Work instruction: Copy all lines below exactly as written. Leave pictures out.

Material to process:
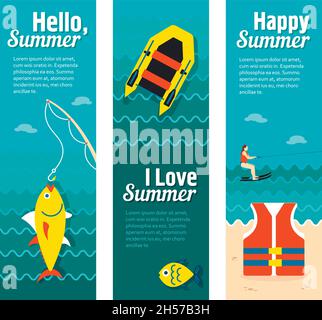 Travel and vacation vector banners. Summertime. Holiday Stock Vector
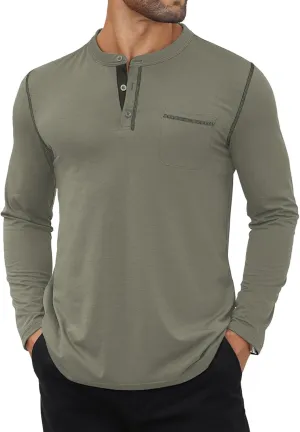 Hardaddy Color Contrast Henley Shirt Long Sleeve Button T-Shirt Henley Tshirt for Men Basic Pullover Shirt with Pocket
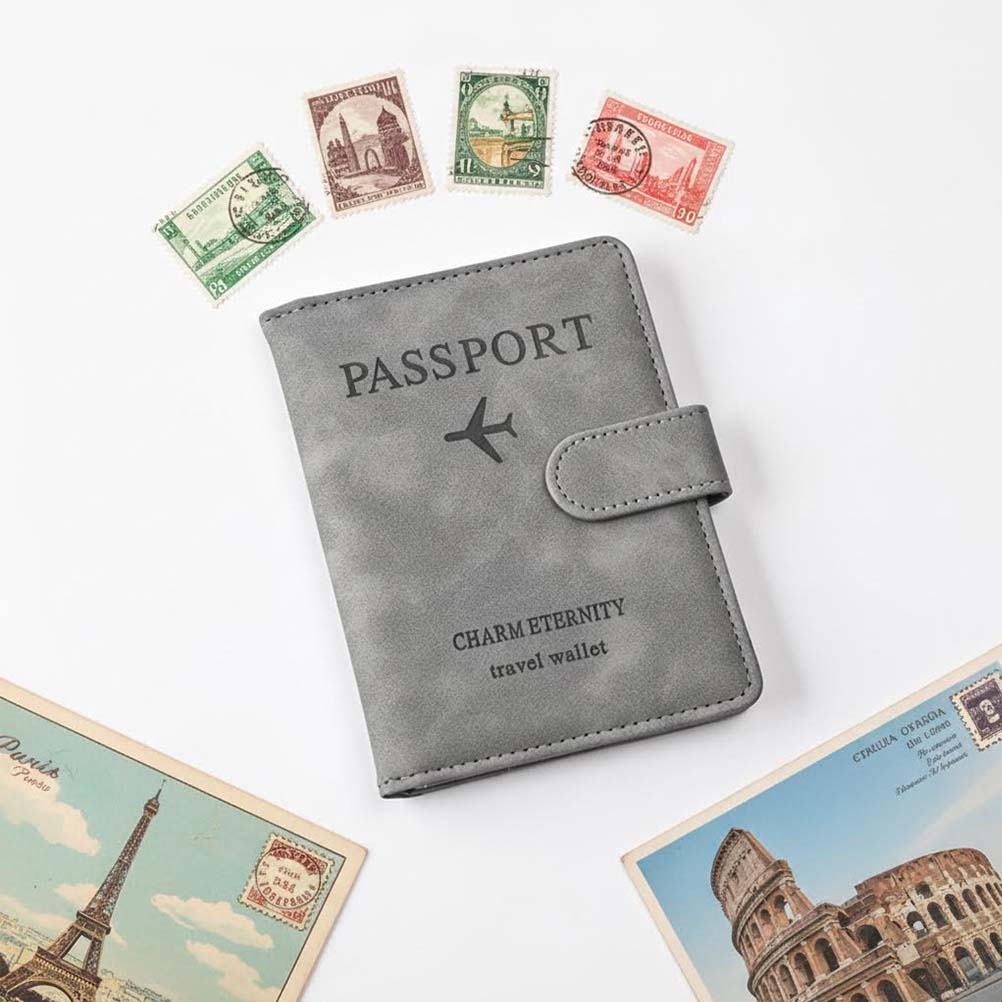 Passport Holder Cover Wallet RFID Blocking Leather Card Holder Multifunctional Case Travel Accessories for Women Men (gray)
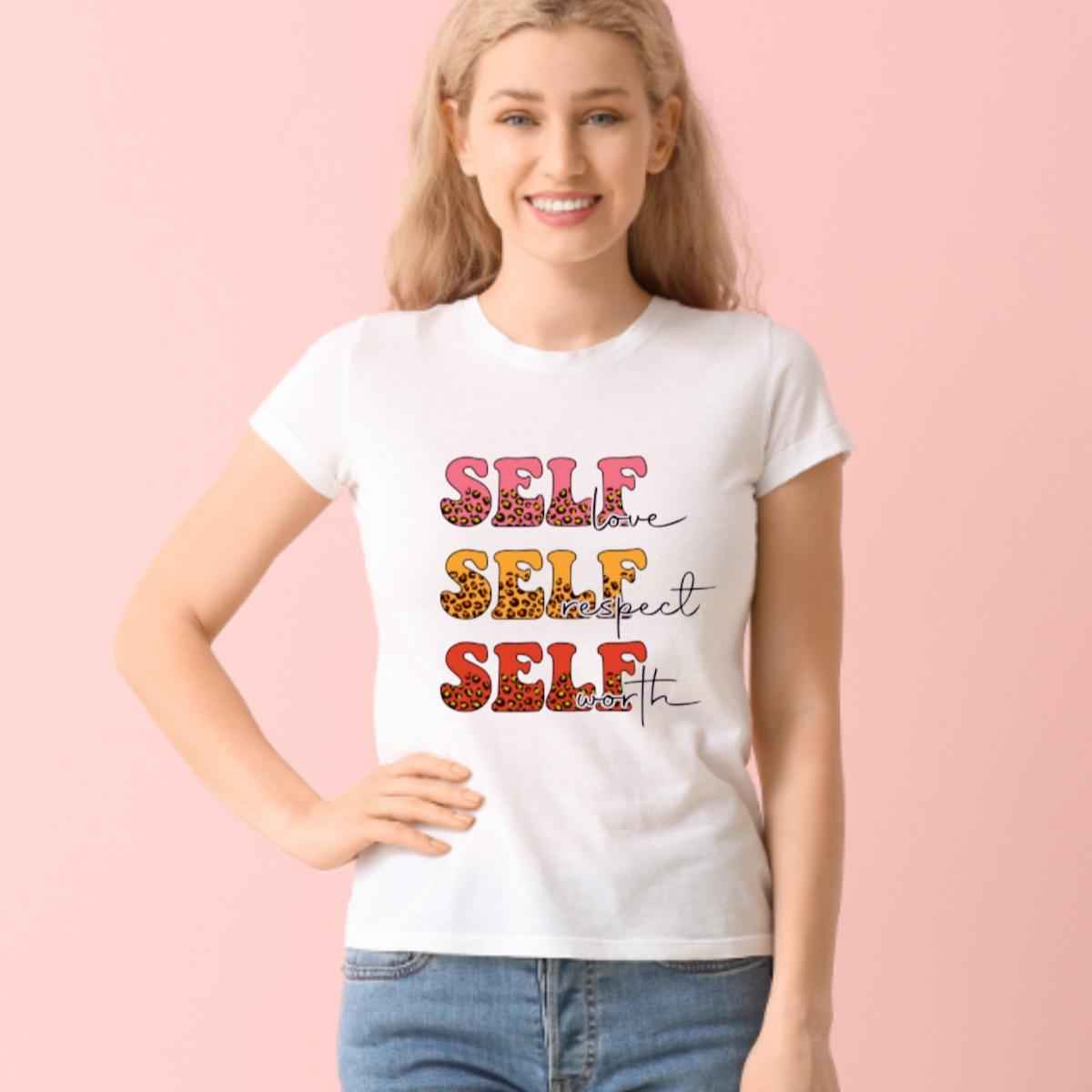 Self Love, Self Respect, Self Worth Mental Health White Tshirt - Snazzy Dudds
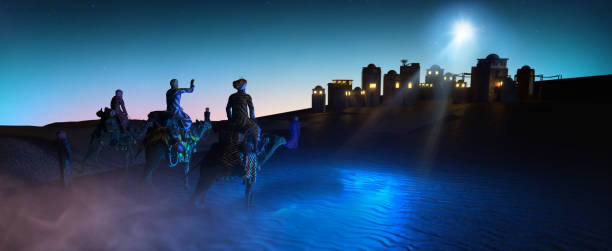 Christian Christmas scene with the three wise men and shining star, 3d render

Solution to this task:
 Travel and vacation vector banners. Summertime. Holiday Stock Vector
 Hardaddy Color Contrast Henley Shirt Long Sleeve Button T-Shirt Henley Tshirt for Men Basic Pullover Shirt with Pocket
 Passport Holder Cover Wallet RFID Blocking Leather Card Holder Multifunctional Case Travel Accessories for Women Men (gray)
 Self Love, Self Respect, Self Worth Mental Health White Tshirt - Snazzy Dudds
 Christian Christmas scene with the three wise men and shining star, 3d render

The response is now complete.